Hive to Elastic Data Load

Hi,

I have loaded a data containing 536965213 rows from hive to elastic. But when I check the data loaded in elastic via Kibana it displays " 548,889,213 hits which is more than the number of records present in my hive table.

I had read about "precision_threshold" from the below link.

https://www.elastic.co/guide/en/elasticsearch/guide/current/cardinality.html

But I still have few questions:

  • If the data cardinality is high then why does elastic create some extra records which might become a memory issue where there is an use case like this i.e., dealing with huge data?

  • Will this produce any bad/duplicate data when I try reading data using Java REST API?

Also in the link provided above explains me to add hash properties in my mapping.

  • Does this mean that do I need to add hash property to all the fields that I use in my search usecase? or is it only for making my search more quicker?

  • Can this count in my elastic search matches with my hive after using this "hash" property in mapping?

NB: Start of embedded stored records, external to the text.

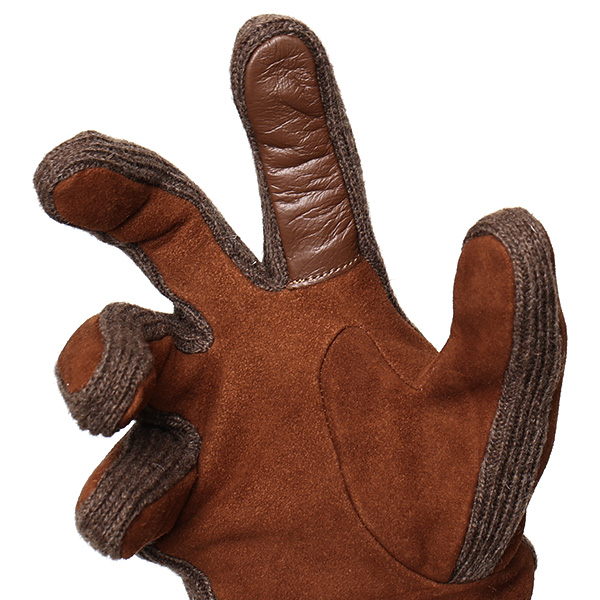  手袋 メンズ タッチパネル スマホ対応 防寒 スエード ニット 裏起毛 裏フリース おしゃれ 通勤 通学 キャメル ブラウン 茶 茶色 ブランド ヤギ革 本革 コンビ 暖かい 男性 紳士 プレゼント 贈り物 グローブ KURODA(クロダ)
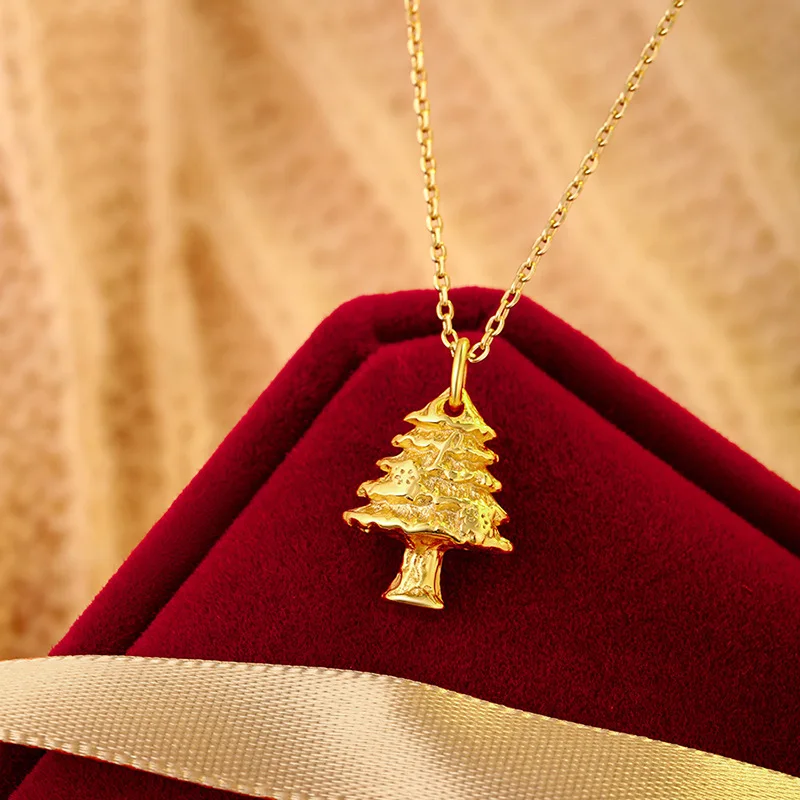 Fashion design stainless steel wishing tree pendant 2024 new Christmas gift Christmas tree necklace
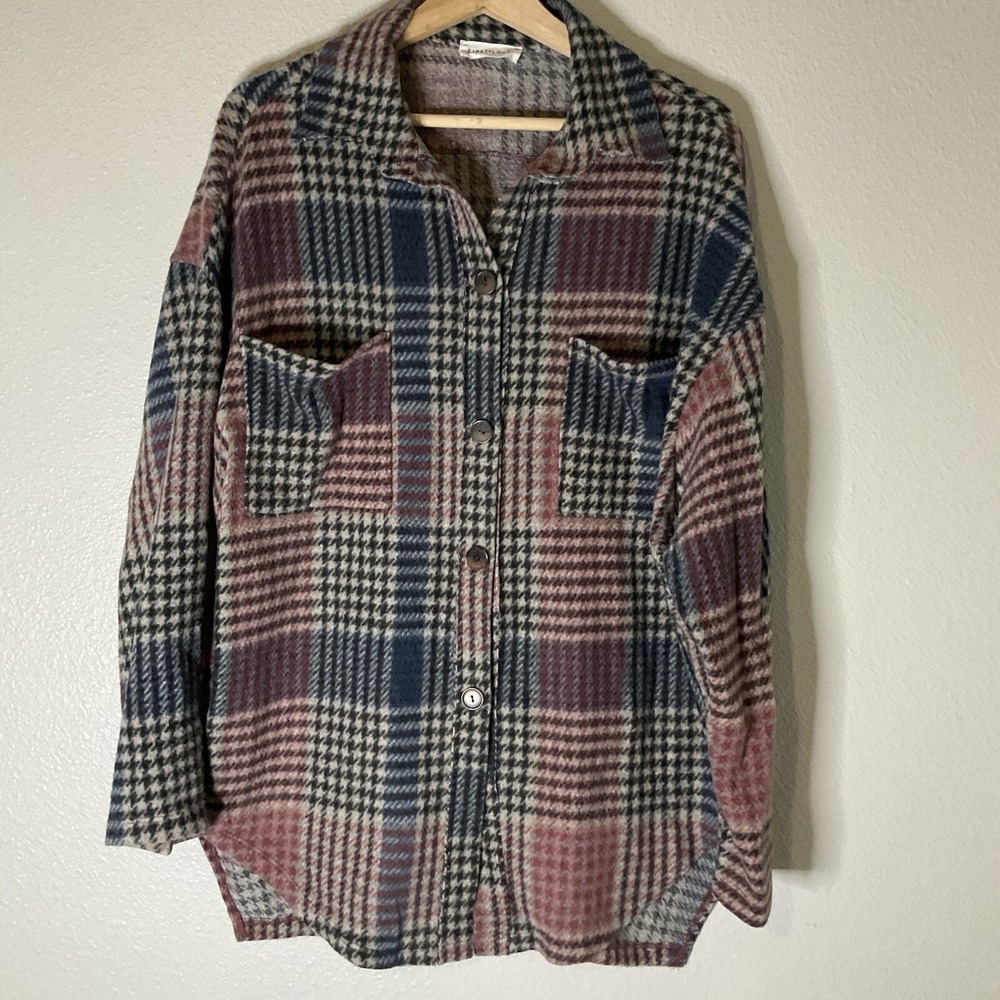 First Love Brushed Plaid Button Up Shacket Womens Medium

Just for reference. Below are the table properties used and my table has 40 columns as of now and they might increase till 150 columns moving forward.

ROW FORMAT SERDE
  'org.elasticsearch.hadoop.hive.EsSerDe'
STORED BY
  'org.elasticsearch.hadoop.hive.EsStorageHandler'
WITH SERDEPROPERTIES (
  'serialization.format'='1')
LOCATION
  'maprfs:/XXX/xxxx/XXXX.db/xxxxxx'
TBLPROPERTIES (
  'es.index.auto.create'='true',
  'es.index.read.missing.as.empty'='true',
  'es.net.ssl'='false',
  'es.nodes'='http://xxxxxxx',
  'es.nodes.client.only'='false',
  'es.nodes.discovery'='true',
  'es.nodes.wan.only'='false',
  'es.port'='9200',
  'es.resource'='eshive/xxxx',
  'last_modified_by'='xxxxx',
  'last_modified_time'='1584455649',
  'numFiles'='0',
  'numRows'='0',
  'rawDataSize'='0',
  'totalSize'='0',
  'transient_lastDdlTime'='1584455649')

Regards,
Sarath

@dadoonet can you please help me on this?

Please be patient in waiting for responses to your question and refrain from pinging multiple times asking for a response or opening multiple topics for the same question. This is a community forum, it may take time for someone to reply to your question. For more information please refer to the Community Code of Conduct specifically the section "Be patient". Also, please refrain from pinging folks directly, this is a forum and anyone that participates might be able to assist you.

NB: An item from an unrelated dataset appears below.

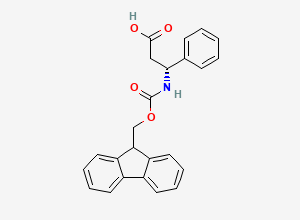Two-dimensional chemical structure of Fmoc-(R)-3-amino-3-phenylpropionic acid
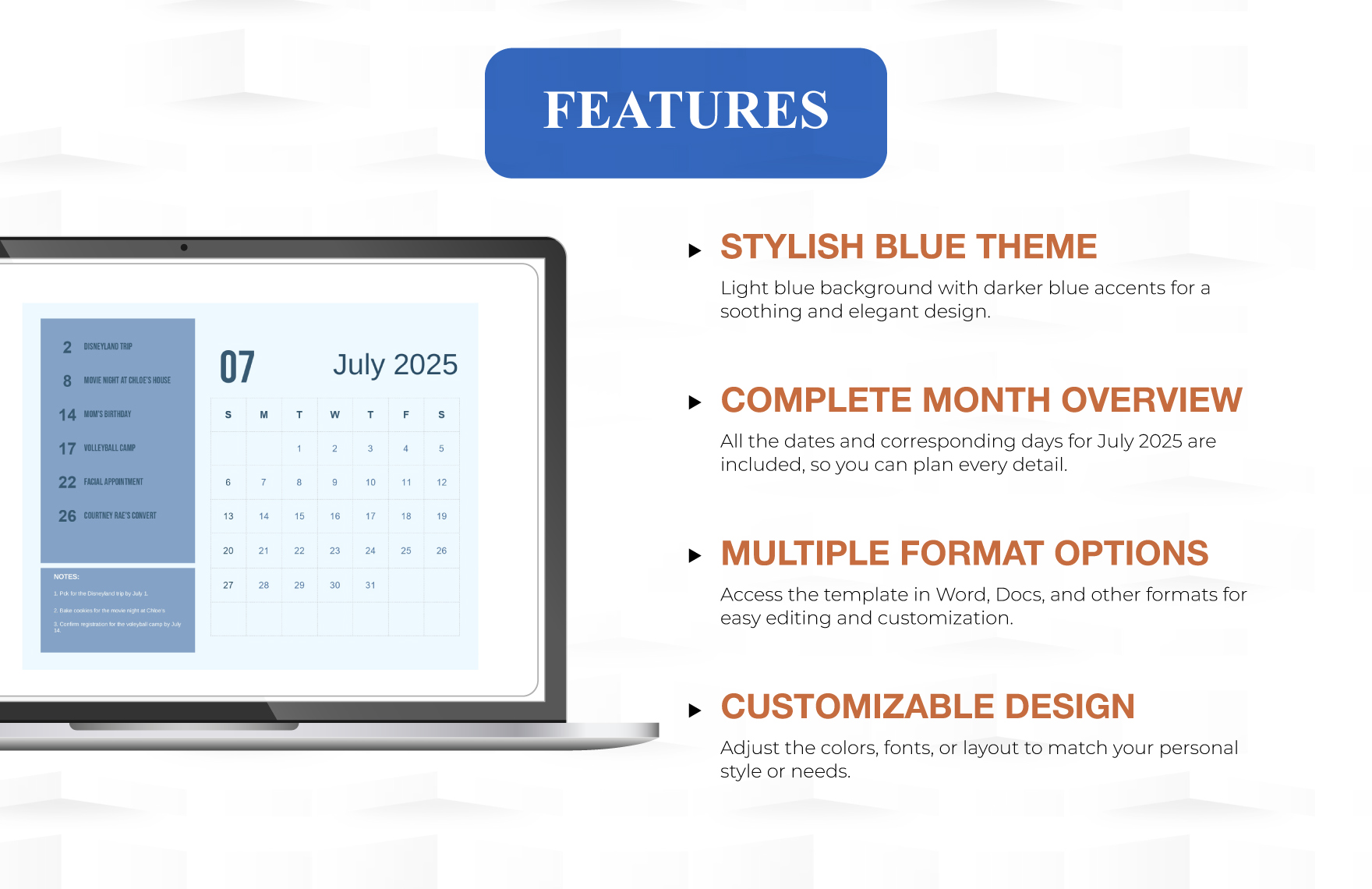 Blue July 2025 Calendar Template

If you are in need of a service with an SLA that covers response times for questions then you may want to consider talking to us about a subscription.

It's fine to answer on your own thread after 2 or 3 days (not including weekends) if you don't have an answer.

I don't know Hive.

What is the index name?

Index name is "eshive".

My Apologies for tagging you.

I really don't know that this is something that was addressed previously in this forum.

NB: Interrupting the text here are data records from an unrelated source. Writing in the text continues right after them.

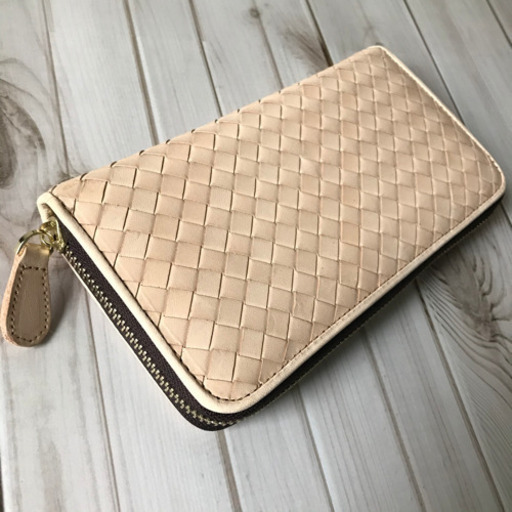 新作品　男女兼用　フルレザー大容量長財布本革　ラウンドファスナー　編み込み 大人気長財布　ハンドメイド　牛革　人気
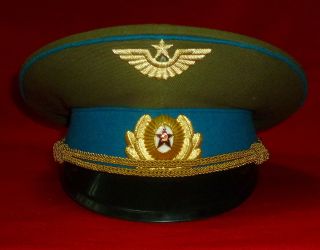 1990 Russian Soviet Air Force Officer Service Uniform Cap Hat Ussr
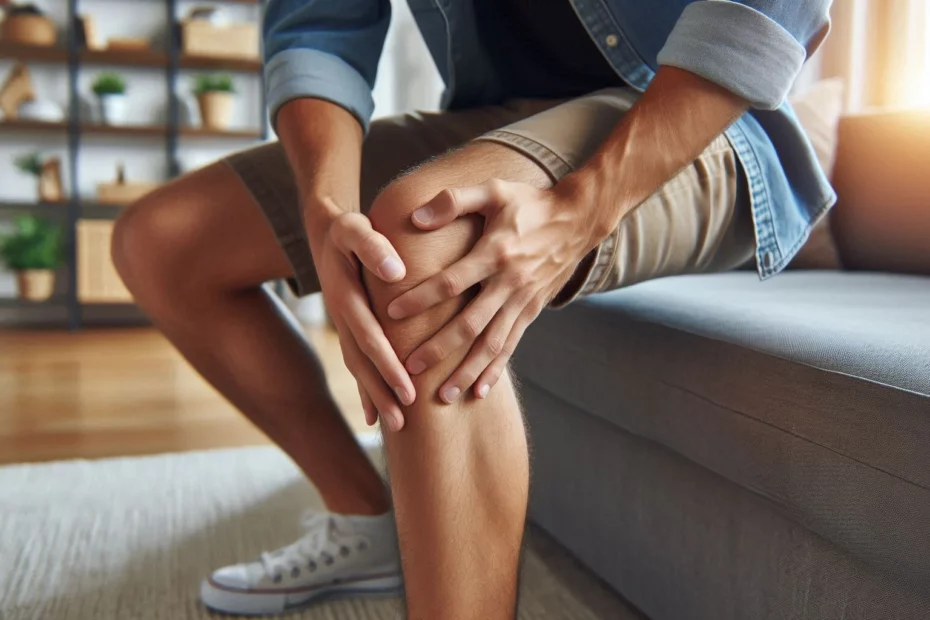 Person managing chronic pain while holding their knee while sitting on a grey sofa in a sunlit living.
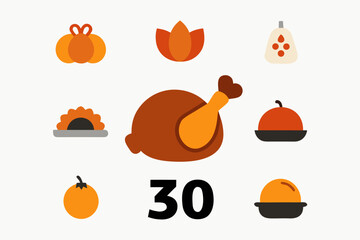 Thanksgiving food and harvest icons with number thirty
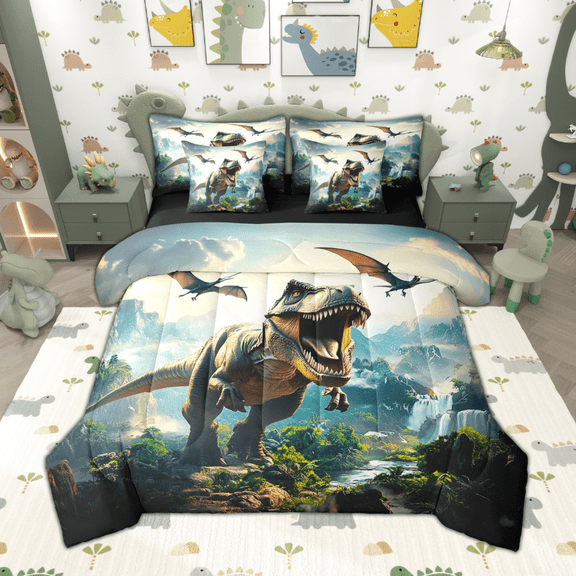 Manfei Kids Dinosaur Twin Bedding Sets 7pcs for Boys, Tyrannosaurus Rex Bedding Comforter Set, Wild Jungle Animal Sheet Sets, Ultra Soft Home Decor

Please share link if this is addressed previously.

How do you check the number of documents in Kibana? Are you using a cardinality aggregation given that you linked to this or looking at e.g. the output of _cat/indices?

I am simply navigating to discover tab and checking the number of documents present under that particular index.

This is the output I got when I execute _cat/indices:

green open eshive_xxxx PPwGbKyKSpujbZDbYM5jgw 1 1 548889213 0 321.5gb 145.7gb

It does seem like you have had some duplicates inserted as the document count is higher than what is expected, which will hve an impact on query results. It also looks like you have indexed all your data into a single primary shard which quite large.

Clients indexing into Elasticsearch generally provide an at-least-once delivery guarantee, so if you push the cluster too hard or requests end up timing out, e.g. due to long GC it is possible that clients will resent the requests which can cause duplicates unless you specify the document ID client side.

I do not know the ES-Hadoop plugin so am not sure how you control concurrency. I would recommend looking at the Elasticsearch logs around the period you performed the indexing and see if there is any evidence of long or slow GC or any other errors/issues.

Also worth investigating is if any of the write tasks failed and restarted on the Hadoop side. If any tasks fail when writing data to Elasticsearch they will be restarted, and all previously accepted documents from that split will be rewritten. This can be avoided by telling ES-Hadoop which field should be considered a unique identifier for a document. In this case, ES-Hadoop will make sure the value from that field is extracted and set as the document's id for the purposes of avoiding duplicates.

Sure James I will investigate on this and get back to you with the details.

Yes, this count is because of the mappers that were killed.

Thankq for bringing this point.

Is there any way we can restrict the duplicate records in this scenario?

This topic was automatically closed 28 days after the last reply. New replies are no longer allowed.